Westminster Academy has broken ground on a $7.5 million aquatic complex on its Fort Lauderdale campus, per the school's official Instagram. The project includes a 25-meter competition pool, an athletic pavilion, and upgraded supporting facilities — an investment the school describes as designed for student-athletes and the broader Westminster community.

The 25-meter pool is the project's defining specification. Short-course pools of that length meet the standard distance for USA Swimming-sanctioned events and Florida High School Athletic Association competition, which means the complex is built to host interscholastic meets and invitationals, not function solely as a practice facility. The athletic pavilion component indicates the build extends well beyond the pool deck; structures of that type at scholastic facilities typically incorporate locker rooms, spectator areas, and team support spaces. Westminster has not released architectural credits, a detailed program breakdown, or a square-footage figure in its public announcement.

For a private K-12 institution, a $7.5 million aquatic commitment is a substantial capital allocation. Fort Lauderdale sits within Broward County's competitive youth swimming ecosystem — one supported by club programs, public pools, and hosted invitationals — and a purpose-built competition pool at this specification adds new hosting capacity to that network.

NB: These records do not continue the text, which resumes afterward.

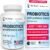 Dr. Berg Probiotic Supplement (60 Billion CFUs) – Helps Ease Occasional Constipation, Diarrhea, Gas & Bloating* – Pre and Probiotics for Digestive Health – 30 Probiotic Capsules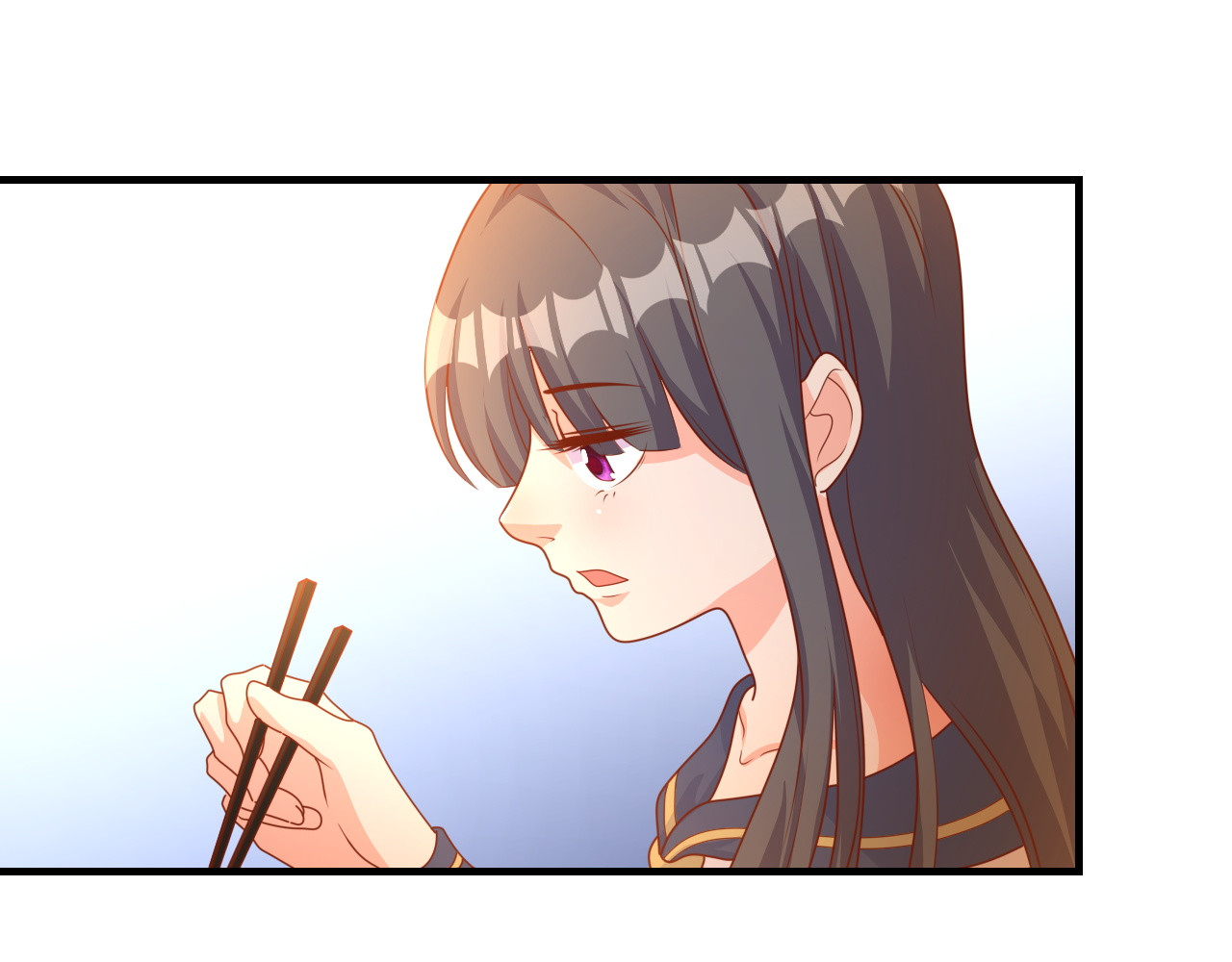 梦想精灵 爸爸，求放过 第61页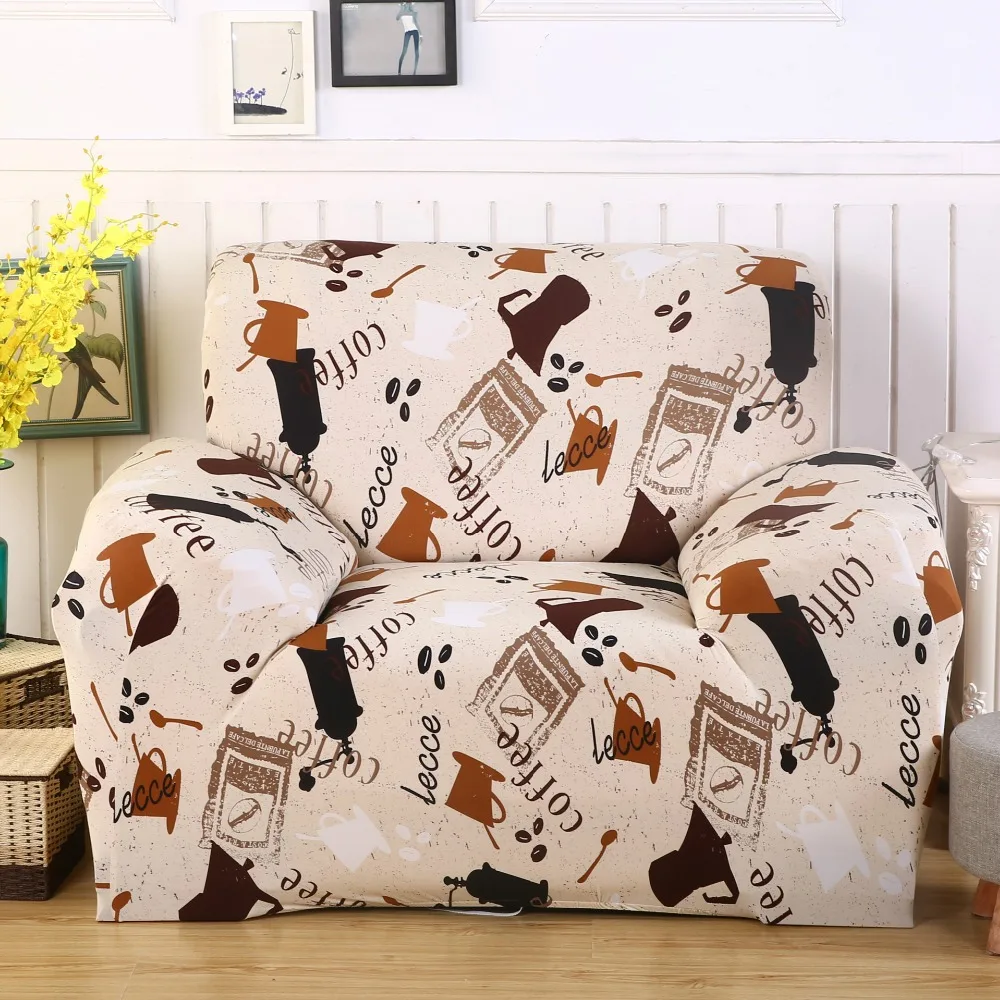 3640322361_2016883391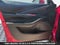 2023 Mazda CX-30 2.5 S Preferred Package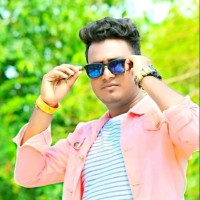 RAMAN KUMAR CHAUDHARY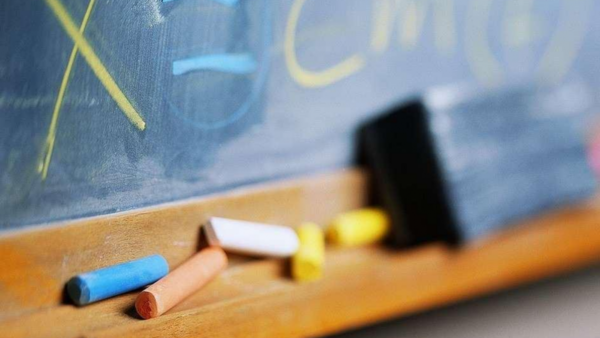 Pésima educación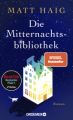 Die Mitternachtsbibliothek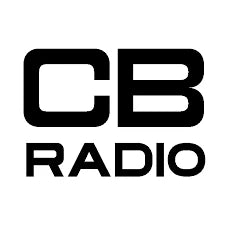 CB Radios (Citizen Band)
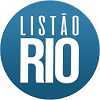 Listão Rio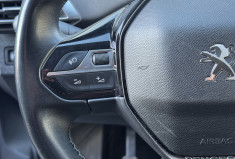 Peugeot 3008  130ch / Carplay / GPS / Kit distri. neuf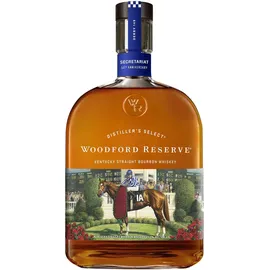 Woodford Reserve Kentucky Derby 148 Straight Bourbon 45,2% vol 1 l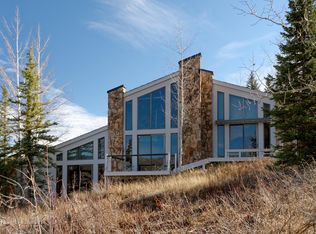 211 Deer Ridge Ln, Snowmass Village, CO 81615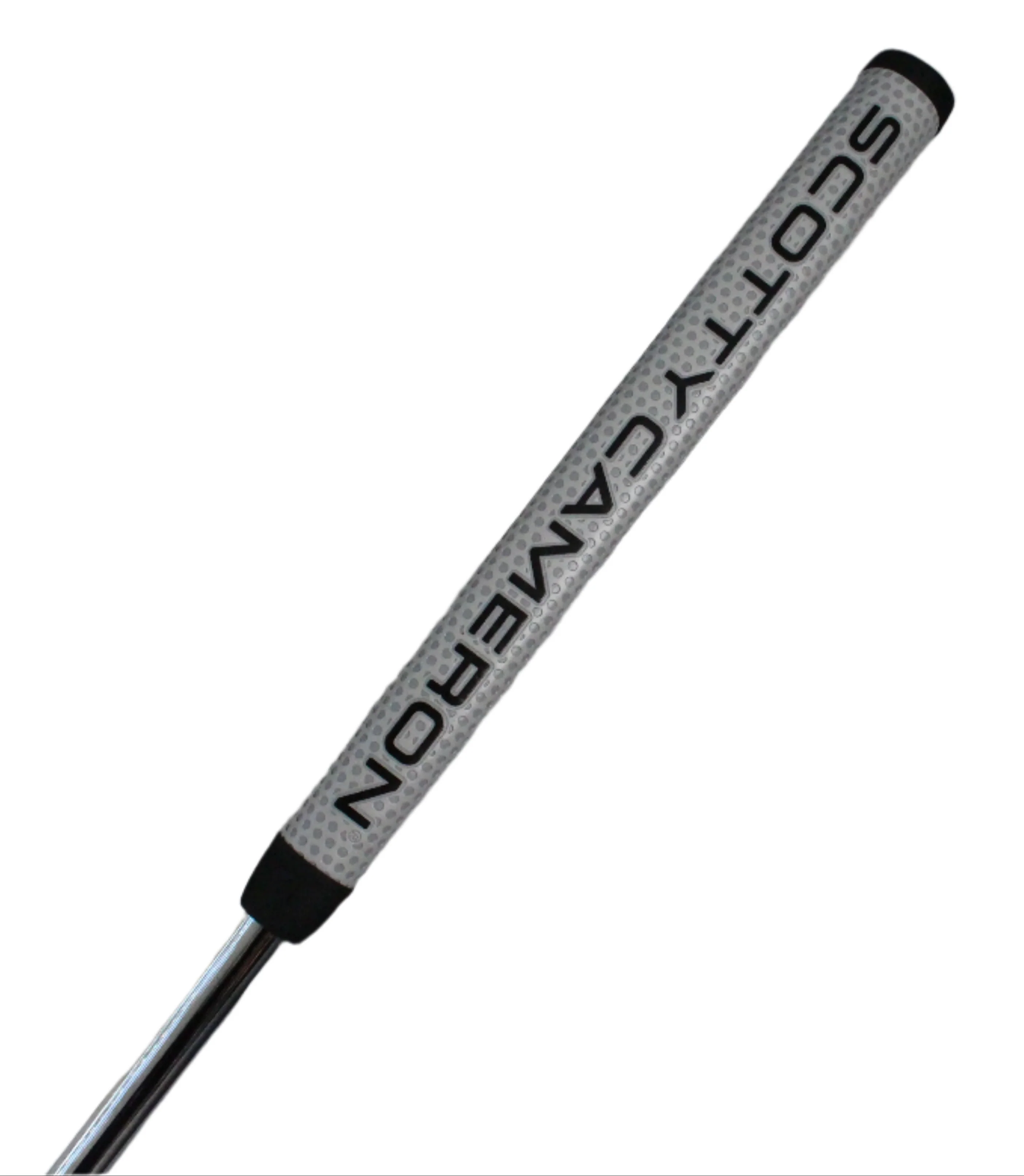 Scotty Cameron 2025 Moto Monday Drop - Mid-Round Super Select GOLO 6.5 MOTO Putter - Image 6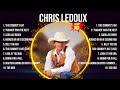 Chris LeDoux Greatest Hits Top 10 Best Songs To Listen In 2024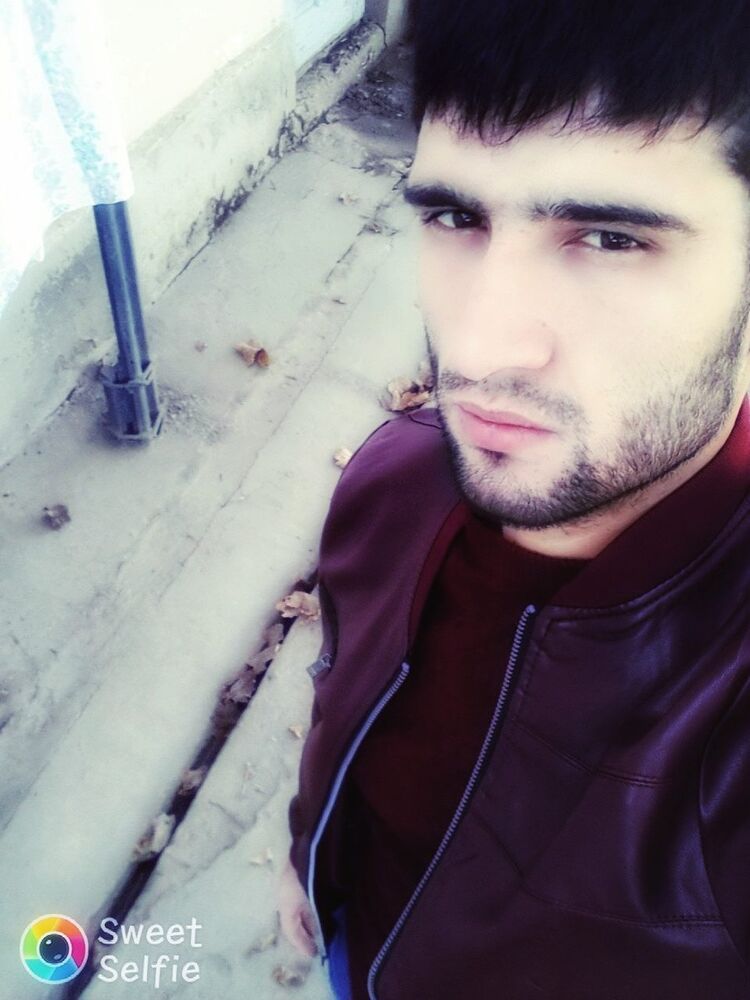  ,   Nodir, 33 ,  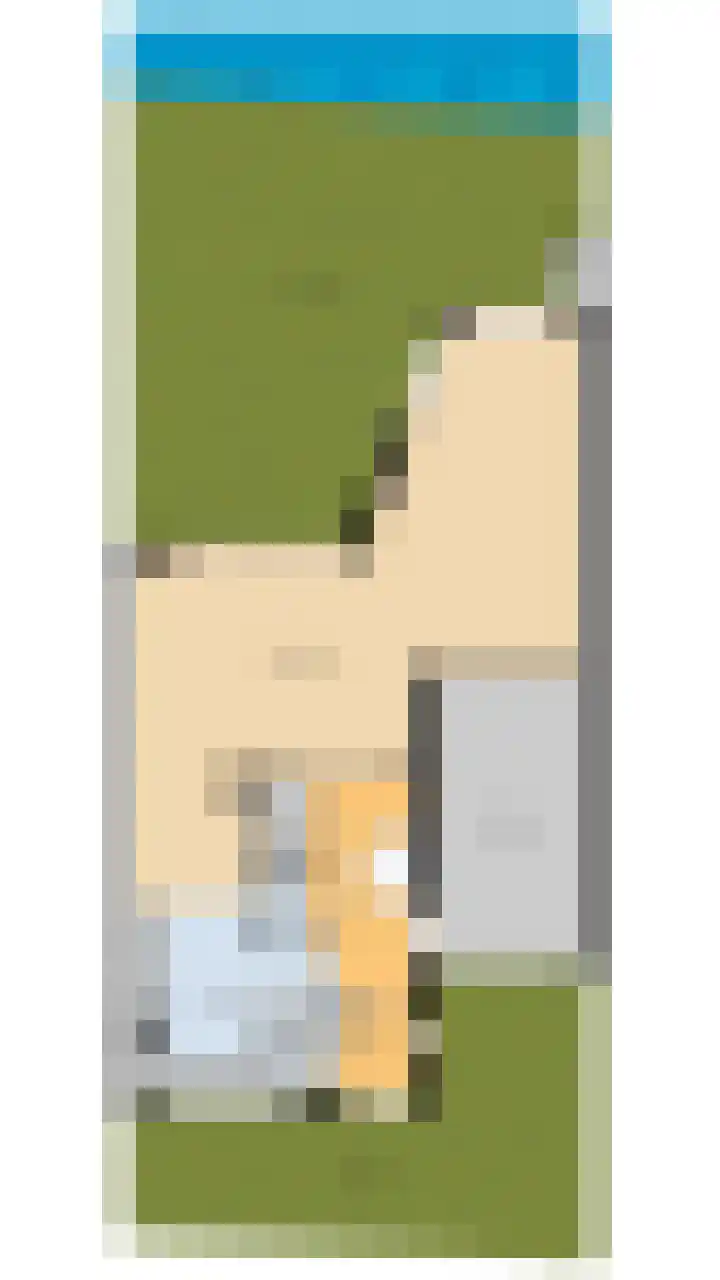 Bladhaantje 25 Krommenie thumbnail 38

Whether Westminster plans to make the facility available to outside club programs or community organizations beyond its own enrollment has not been stated.

No completion date has been confirmed publicly. The groundbreaking marks the formal construction start; the project will move through build and inspection phases before the pool is operational. The scope of the school's hosting ambitions — whether the complex draws external competition calendars and club programming or operates primarily as a private campus amenity — will determine how broadly the investment registers across Fort Lauderdale's athletic infrastructure.